In 1989, while still an art student, Fairey doctored a grainy image of Andre Roussimoff, the 7-foot-5-inch actor and professional wrestler better known as “obey giant.” Adding the phrase “obey giant has a posse,” Fairey canvassed the image across his Rhode Island community. He certainly never expected anything to come from it.
Aside from “skateboarders and musicians, I didn’t expect anyone to get caught in the fray, even care or notice it,” explains Fairey. But the image did catch, traveled the world and, in the end, took on a life of its own.
Visiting Las Vegas for the first time to take part in the most recent MAGIC tradeshow, Fairey brought his Giant image along for the ride. No longer just a punch line without the joke, he sees the image almost as an extension of himself. “It’s evolved a lot over the years,” he explains. “In a way, (now) it’s a vehicle I use to express myself. Metaphorically, it’s replaced my signature.” While in the Valley, he says he took time out of the sightseeing and Nevada-style entertainment to slap up dozens of his posters on vacant signs, buildings and utility boxes.
Through the years, Fairey has been labeled as everything from a skate-punk, a troublemaker, a vandal and even a hate monger. But he insists that the image is nothing more than tongue-in-cheek mockery. And although he admits that he doesn’t get permission to put up his art, he also doesn’t slap the image up haphazardly. “I look for power boxes, abandoned signs, I see them as unadorned totems.”
Recently in an affluent San Diego suburb, parents groups, seeing an image of glowering eyes over the ominous single word, “obey,” feared the worse. The concern was that a hate group had entered their suburban community to recruit their children. Nothing could be further from the truth. Fairey feels that the public has been so trained to absorb images that the more ridiculous the image, the more absurd the conclusion people willingly leap to. “To be honest,” he says, “it gives me a chuckle most of the time.”
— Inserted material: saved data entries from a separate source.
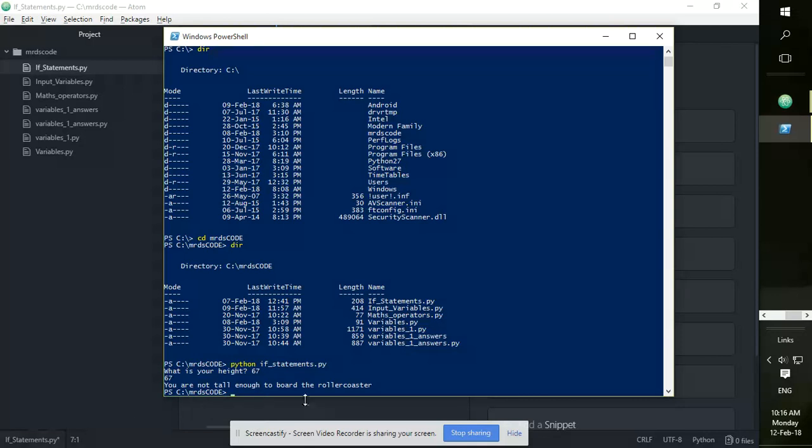So that's how to test or run a file through PowerShell. Thanks for watching.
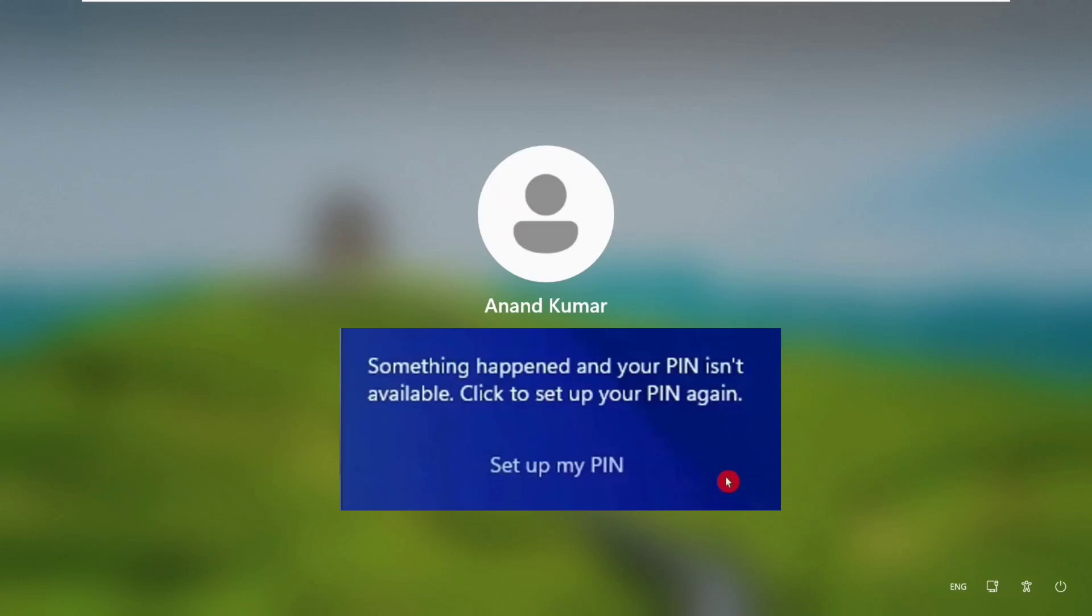Hello friends, this is Anand and today we are going to fix this problem: something happened and your PIN isn't available, click to setup your PIN again. So if you are getting this error in your PC, then first try this option, setup my PIN. If it works then setup a new PIN for your PC, but if it doesn't work then proceed with the following solution.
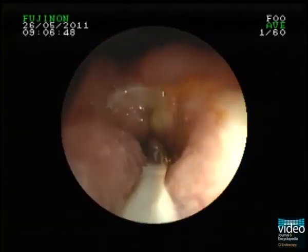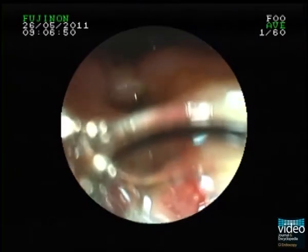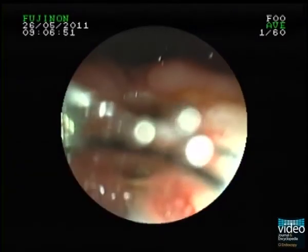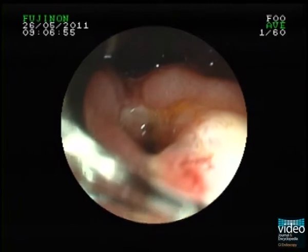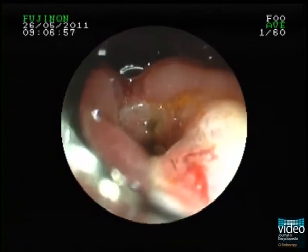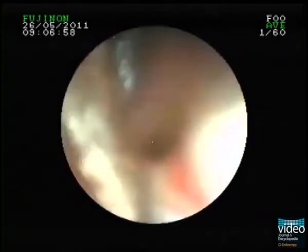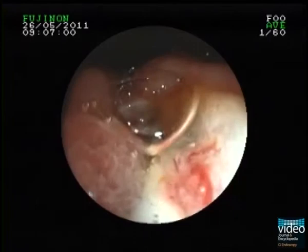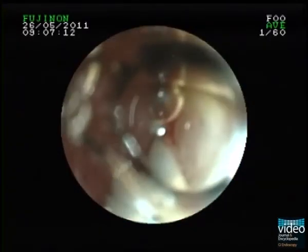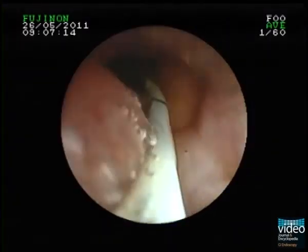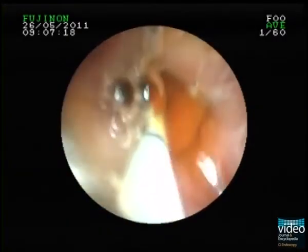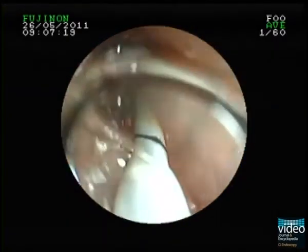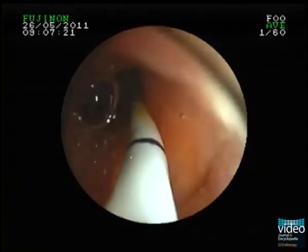Under direct visual and fluoroscopic control, a balloon catheter is advanced freehand into the common bile duct. The balloon is inflated to anchor the catheter inside the duct, and the endoscope is advanced over the catheter into the common bile duct using a ropeway method.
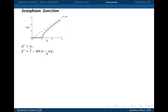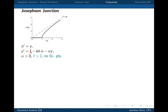In the previous lecture, we did the normal analysis of fixed points. We showed that when i is greater than 1, there are no fixed points. The fixed points occur when y equals zero, and when i is greater than 1, the nullcline y = i − sin θ is never zero.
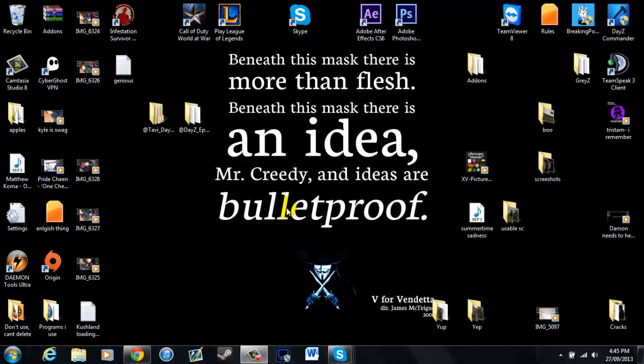Hey what's going on guys, it's Damon here from Greyz the Experiment and I'm just going to show you how to install DayZ Epoch Taviana. Alright, let's get on with it.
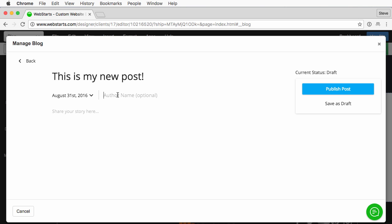Under author, optional I don't have to change this but I'm going to go ahead and add my name because I want people to know that I wrote it. And under share your story here, this is where you'll write the blog.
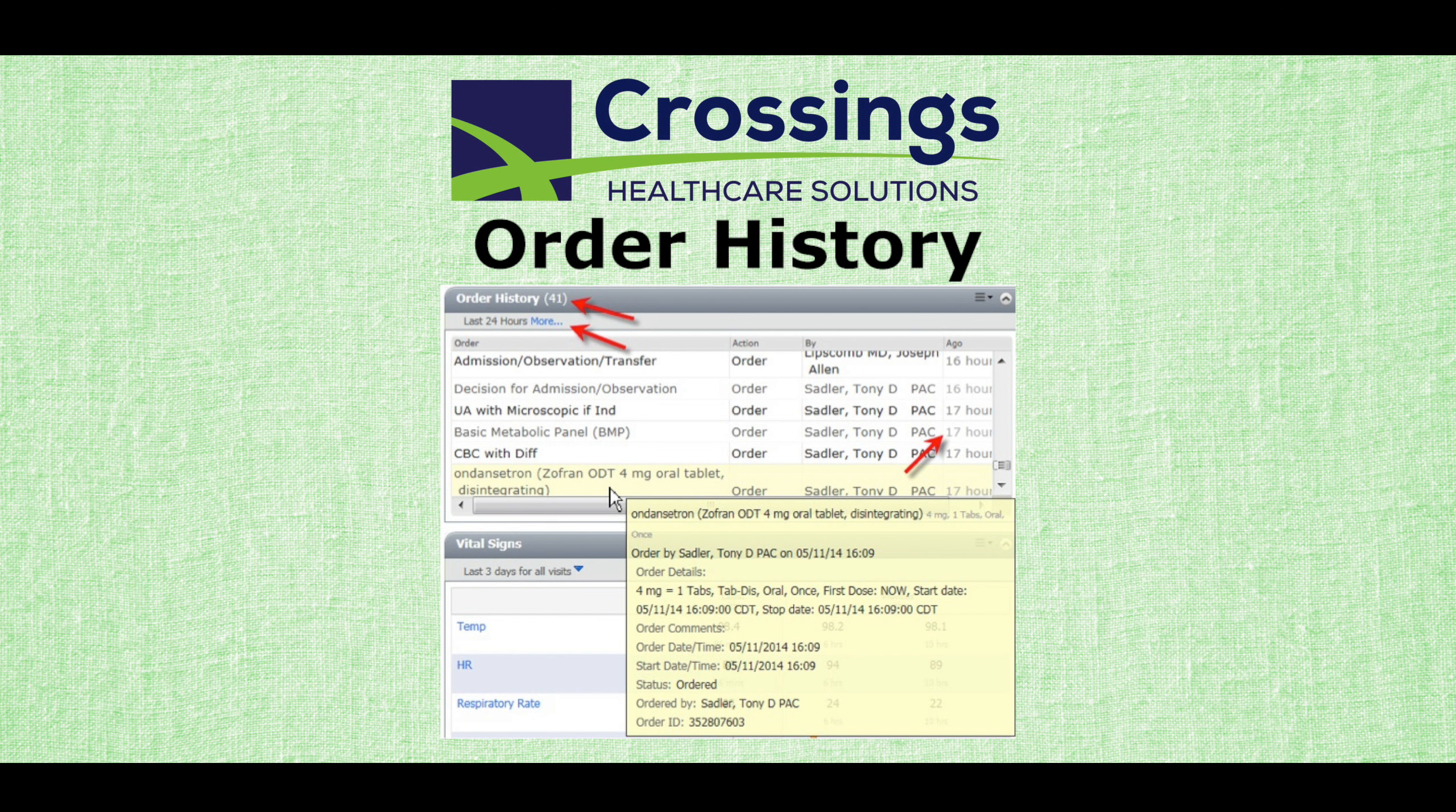The physicians wanted to see what new orders had been placed since the last time they saw the patient, particularly if they didn't round over the weekend.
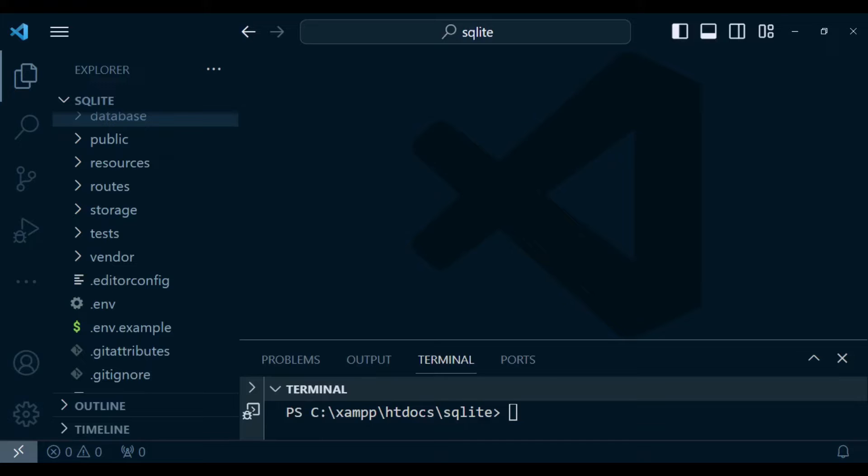Obviously at the end, once your application is working, you can change it and deploy it in production using MySQL. So let's go ahead and see how we can do that.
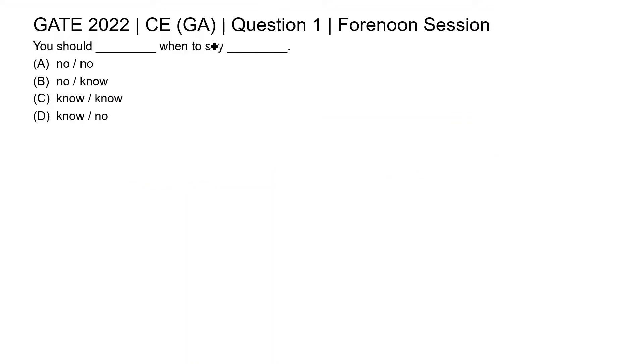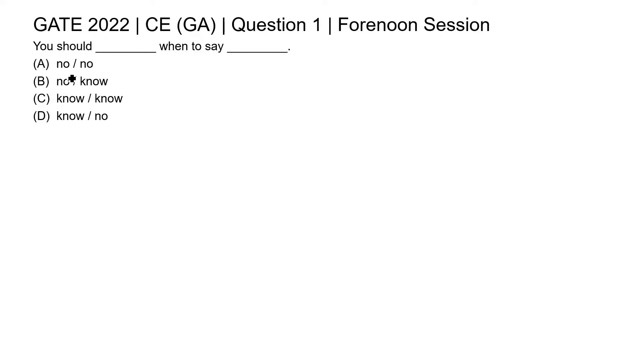This is question 1 of civil engineering general aptitude section of GATE 2022 forenoon session. You should blank when to say blank. Here a sentence is given; we need to fill the blanks with the help of this set of words.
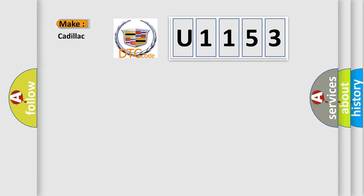So, what does the diagnostic trouble code U1153 interpret specifically for Cadillac car manufacturers?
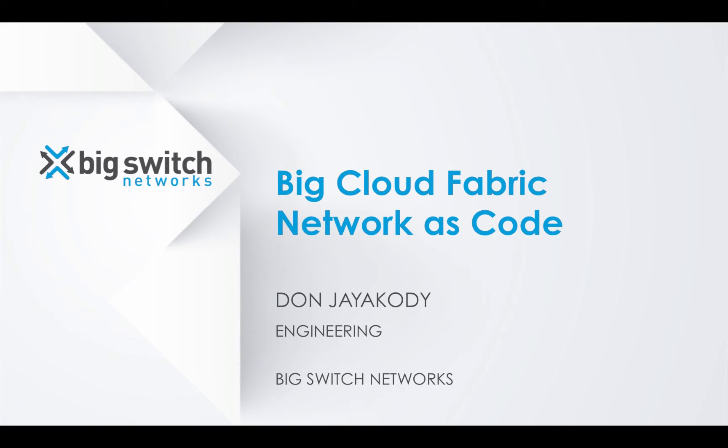In this demo, we are going to showcase how your data center network can be treated as code with the help of Big Cloud Fabric. We want to show you how Big Cloud Fabric makes it easy to adapt workflows that are more prevalent in software development.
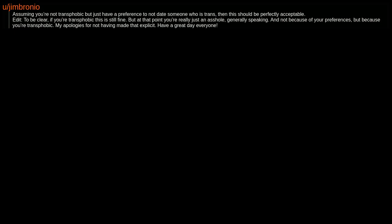Sure, that's fine. Assuming you're not transphobic but just have a preference to not date someone who is trans, then this should be perfectly acceptable.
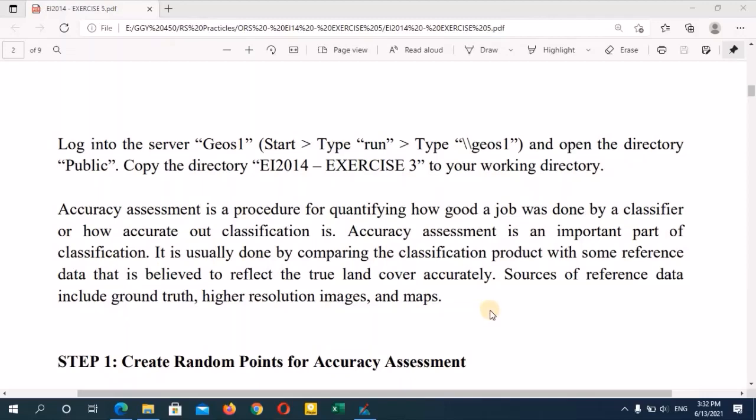In our fifth practical, we are going to see how to do an accuracy assessment to the supervised classified images that we did during our fourth practical. Accuracy assessment is a procedure to compare the real world land use types with the classified image land use types.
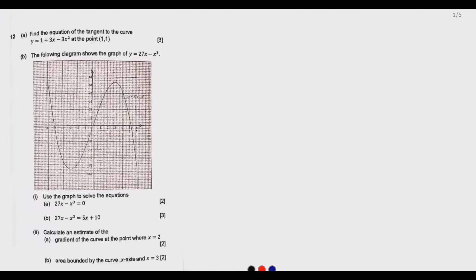Welcome to today's session. We continue looking at the 2022 GCE Mathematics Paper 2, and our question of interest is Question 12. It reads: find the equation of the tangent of a curve y = 1 + 3x - 3x² at the point (1, 1).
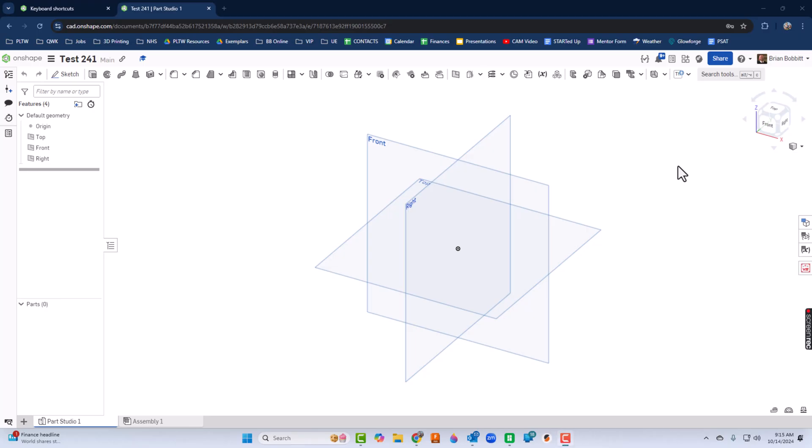In our latest installment of the Onshape videos, we're going to take a look at the interface and also how to draw some basic shapes and how to interact with Onshape.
For Fairey, the intent of art is to deconstruct this iconolatry. He no longer uses the tagline “obey giant has a posse,” finding it more powerful to use cuttingly direct language: “Giant” or “Obey.” The result? People who happen upon his images have a reaction, and that’s exactly what he wants.
“People get suckered by manipulative advertising,” he says. “When they see (my image) they may feel threatened or insulted.” But to Fairey, that’s the point. People should be insulted with most of the images that surround them, certainly when it comes to advertising.
And like the eyes of Dr. Eckleburg in Fitzgerald’s masterpiece, looking down upon the ash heaps and the millionaires, Fairey’s image looks upon us as well. And whether you’re numbly driving to work, or squandering your leisure on the Strip, if you see the eyes, stop and think. Abstractions, imagery, manipulation all are reduced down to singularity. Or as the artist more succinctly puts it: “Just think about what you’re looking at.”